Brown and black bears are scattered throughout
the United States. Grizzly bears are found pretty much from Canada
to Wyoming. If you’re going to camp in grizzly bear territory,
I think you should really do your research, do your homework, make sure you’re an experienced
camper and make sure you know what you need to know camping in grizzly territory. With brown and black bears, there’s a lot
of fear about them, but you probably won’t cross paths with them, and bear attacks are
really rare. The thing to remember about bears is that
you should keep your camp site meticulously clean. You absolutely can’t leave food around, trash
around. Anything that smells or tastes like food,
even toothpaste.

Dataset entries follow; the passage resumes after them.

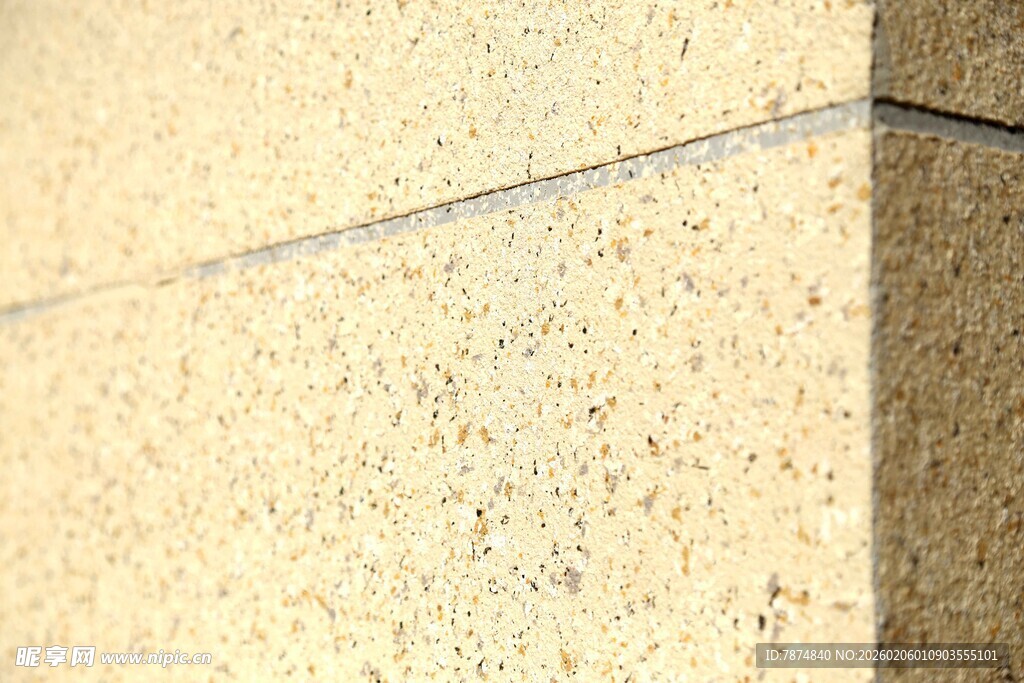 米黄色石材墙面细节
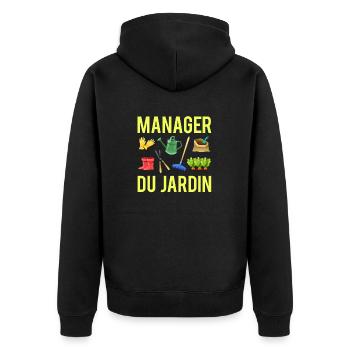Manager du jardin humour jardinage jardinier - Veste à capuche bio Premium Unisexe - noir - Dos - Nico (187cm)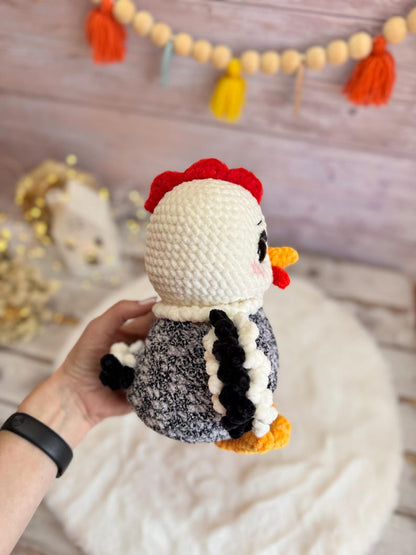 Crochet Chicken Family, Mother Hen with Chicks, Mother's Day Gift, Farmhouse Decor, Chicken Lover Gift, Amigurumi Farm Animal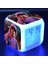 7 Renkli LED Kare Dijital Alarmlı Saat - Beyaz (Yurt Dışından) 1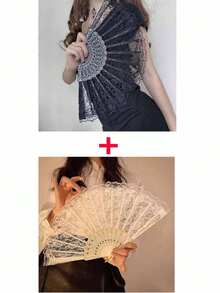 欧式复古蕾丝花边女扇，夏兰花扇，舞蹈、表演、摄影用，折扇最佳礼物 - 白色 - 查看 12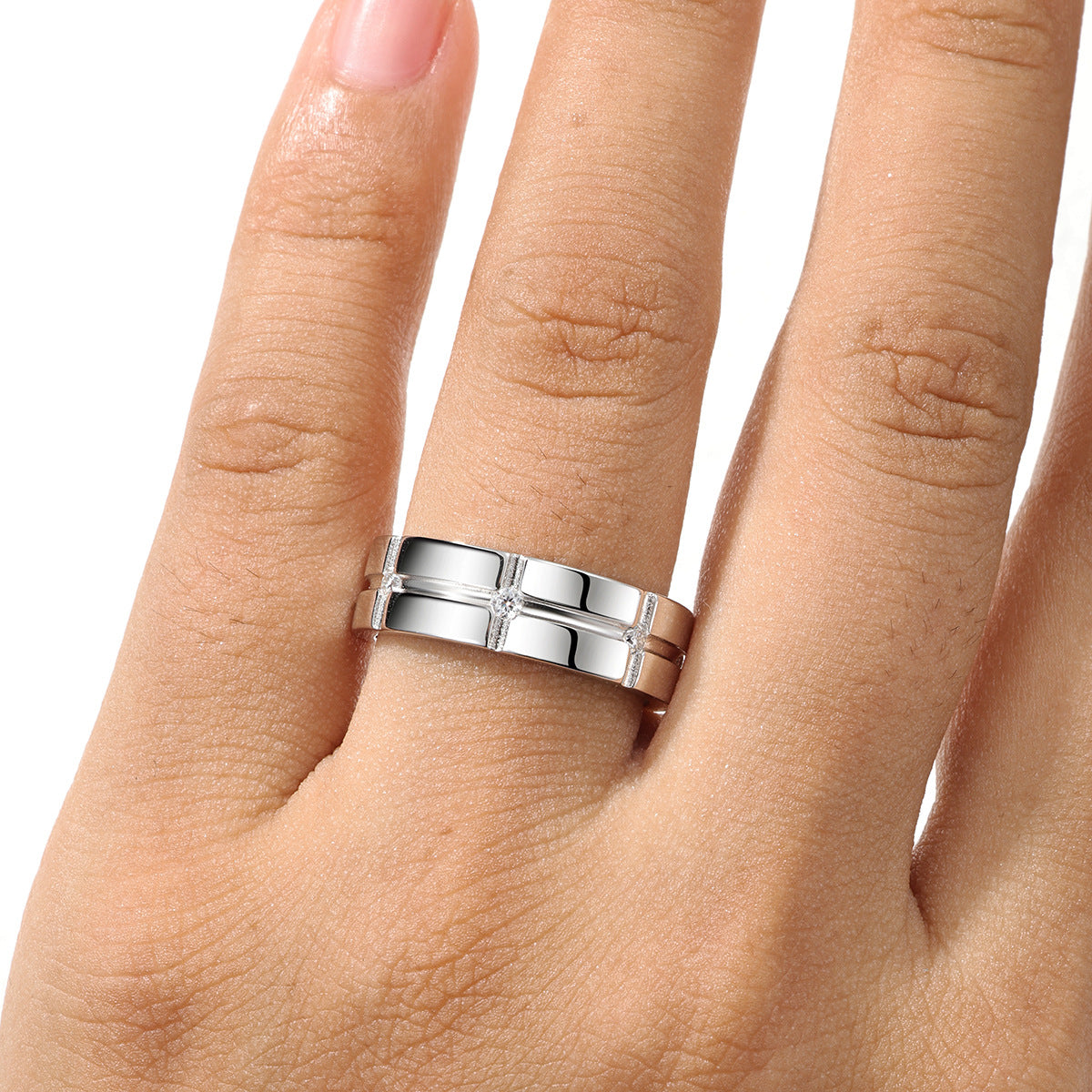 S925 Sterling Silver Men's Multi-Stone Engraved Moissanite Ring | 2mm, Gold & White Gold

All that stuff needs to be double bagged,
tightly sealed and hung if possible. You should really hang your food. The other thing to keep in mind is that bears
that attack usually attack because people got too close, got too curious, taunted them. For the most part when it comes to wild life,
if you steer clear of wild life and respect its territory, you probably won’t have a problem. If by some chance you do run into a bear and
it seems like there’s a potential for an attack, there’s a couple of things you should do. Don’t make eye contact with a bear. If you’re near a bear, avoid eye contact and
slowly start to walk, backing away. Keep yourself face to face with it and just
start backing away, while still avoiding eye contact. Don’t turn and run. Running is sort of an invitation for them
to run after you. You can keep pepper spray around at your camp
site if you really know how to use it. I think it might be a good idea. I’ve never camped with pepper spray, but it
can be a deterrent if you’re being attacked by a bear. Bears will also often run away if you’re loud
and if you clank some pots. If you’re at your camp site and you see a
bear nearby, grab some pots and pans and just start making a lot of noise. They’ll actually, usually, just start running
away from you. I think the biggest advice I can offer when
it comes to bears is that you should just really do your homework. Make sure you know what the advisories are. Make sure you know what the rules are for
where you’re camping, and be as safe as possible. Make sure that you keep your camp site clean,
you hang your food, and you don’t go looking for trouble.